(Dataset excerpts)

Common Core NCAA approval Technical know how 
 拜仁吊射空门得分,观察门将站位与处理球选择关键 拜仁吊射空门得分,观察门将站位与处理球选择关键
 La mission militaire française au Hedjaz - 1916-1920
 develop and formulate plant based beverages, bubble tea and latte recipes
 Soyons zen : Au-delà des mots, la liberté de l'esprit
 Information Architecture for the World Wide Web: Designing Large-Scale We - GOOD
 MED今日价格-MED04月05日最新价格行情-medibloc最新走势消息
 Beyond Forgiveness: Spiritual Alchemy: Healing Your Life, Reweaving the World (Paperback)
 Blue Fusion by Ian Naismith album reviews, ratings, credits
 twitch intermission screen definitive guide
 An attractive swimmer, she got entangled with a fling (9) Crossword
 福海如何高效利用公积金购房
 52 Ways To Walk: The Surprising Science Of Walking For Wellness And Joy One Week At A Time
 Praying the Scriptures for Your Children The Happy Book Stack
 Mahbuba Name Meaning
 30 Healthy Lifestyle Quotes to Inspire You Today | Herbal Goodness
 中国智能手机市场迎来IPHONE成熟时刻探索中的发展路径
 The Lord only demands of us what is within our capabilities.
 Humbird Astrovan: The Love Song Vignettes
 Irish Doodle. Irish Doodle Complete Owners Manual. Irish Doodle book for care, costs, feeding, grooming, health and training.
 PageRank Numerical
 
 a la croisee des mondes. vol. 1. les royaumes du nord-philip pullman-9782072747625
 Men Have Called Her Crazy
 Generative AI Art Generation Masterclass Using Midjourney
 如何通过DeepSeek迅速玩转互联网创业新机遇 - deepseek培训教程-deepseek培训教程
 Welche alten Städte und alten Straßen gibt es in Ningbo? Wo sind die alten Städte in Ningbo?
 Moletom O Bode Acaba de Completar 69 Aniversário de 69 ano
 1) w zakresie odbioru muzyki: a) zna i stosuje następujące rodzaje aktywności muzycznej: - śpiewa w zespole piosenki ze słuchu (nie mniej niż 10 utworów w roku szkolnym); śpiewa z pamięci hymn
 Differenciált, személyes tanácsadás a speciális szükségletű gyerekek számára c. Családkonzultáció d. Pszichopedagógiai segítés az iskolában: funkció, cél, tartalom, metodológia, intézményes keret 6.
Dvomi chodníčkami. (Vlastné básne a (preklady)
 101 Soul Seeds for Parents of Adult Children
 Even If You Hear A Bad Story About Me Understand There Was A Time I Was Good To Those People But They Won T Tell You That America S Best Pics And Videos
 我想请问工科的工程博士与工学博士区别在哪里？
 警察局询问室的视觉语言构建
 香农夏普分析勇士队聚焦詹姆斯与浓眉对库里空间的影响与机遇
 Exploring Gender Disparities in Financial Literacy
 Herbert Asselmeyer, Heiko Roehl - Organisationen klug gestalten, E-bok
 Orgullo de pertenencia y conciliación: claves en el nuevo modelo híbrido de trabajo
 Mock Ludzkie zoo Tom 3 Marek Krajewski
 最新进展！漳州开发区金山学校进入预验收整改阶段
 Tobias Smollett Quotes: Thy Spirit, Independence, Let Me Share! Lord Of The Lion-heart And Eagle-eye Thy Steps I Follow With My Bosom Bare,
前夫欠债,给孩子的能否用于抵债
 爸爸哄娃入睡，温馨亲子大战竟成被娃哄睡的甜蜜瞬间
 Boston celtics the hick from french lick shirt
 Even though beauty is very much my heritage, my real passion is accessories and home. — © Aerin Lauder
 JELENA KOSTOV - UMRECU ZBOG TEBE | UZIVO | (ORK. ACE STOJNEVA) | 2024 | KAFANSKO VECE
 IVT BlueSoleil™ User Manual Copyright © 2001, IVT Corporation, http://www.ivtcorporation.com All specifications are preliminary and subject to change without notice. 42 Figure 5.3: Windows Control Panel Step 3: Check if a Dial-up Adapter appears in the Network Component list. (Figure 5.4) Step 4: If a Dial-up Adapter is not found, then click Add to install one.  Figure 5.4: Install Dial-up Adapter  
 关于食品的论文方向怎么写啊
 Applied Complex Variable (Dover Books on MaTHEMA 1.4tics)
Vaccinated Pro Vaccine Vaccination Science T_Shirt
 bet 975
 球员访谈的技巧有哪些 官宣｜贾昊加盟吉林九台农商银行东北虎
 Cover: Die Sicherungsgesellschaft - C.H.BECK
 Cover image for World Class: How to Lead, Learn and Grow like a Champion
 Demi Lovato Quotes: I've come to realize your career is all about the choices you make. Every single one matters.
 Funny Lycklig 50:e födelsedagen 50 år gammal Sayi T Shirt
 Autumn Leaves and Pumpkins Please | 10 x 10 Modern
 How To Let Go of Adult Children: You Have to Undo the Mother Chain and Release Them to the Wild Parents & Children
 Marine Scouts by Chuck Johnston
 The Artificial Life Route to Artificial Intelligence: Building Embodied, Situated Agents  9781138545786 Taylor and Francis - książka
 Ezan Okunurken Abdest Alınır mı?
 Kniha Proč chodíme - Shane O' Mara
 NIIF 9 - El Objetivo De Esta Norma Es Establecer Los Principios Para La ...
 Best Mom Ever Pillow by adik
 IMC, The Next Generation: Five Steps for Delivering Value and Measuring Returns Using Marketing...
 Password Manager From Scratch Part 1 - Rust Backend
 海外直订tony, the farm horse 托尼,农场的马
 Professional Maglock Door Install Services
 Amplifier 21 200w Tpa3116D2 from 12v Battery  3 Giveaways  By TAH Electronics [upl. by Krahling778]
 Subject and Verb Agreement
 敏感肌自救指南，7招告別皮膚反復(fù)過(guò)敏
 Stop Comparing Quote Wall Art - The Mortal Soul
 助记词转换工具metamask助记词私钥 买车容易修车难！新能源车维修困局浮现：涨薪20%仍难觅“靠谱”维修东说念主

▶ Exercise
With the line holding "Boston celtics the" as the first and the line holding "JELENA KOSTOV - UMRECU" as the last, set down that range of the entries above exactly, and nothing else.

▶ Output of the task
 Boston celtics the hick from french lick shirt
 Even though beauty is very much my heritage, my real passion is accessories and home. — © Aerin Lauder
 JELENA KOSTOV - UMRECU ZBOG TEBE | UZIVO | (ORK. ACE STOJNEVA) | 2024 | KAFANSKO VECE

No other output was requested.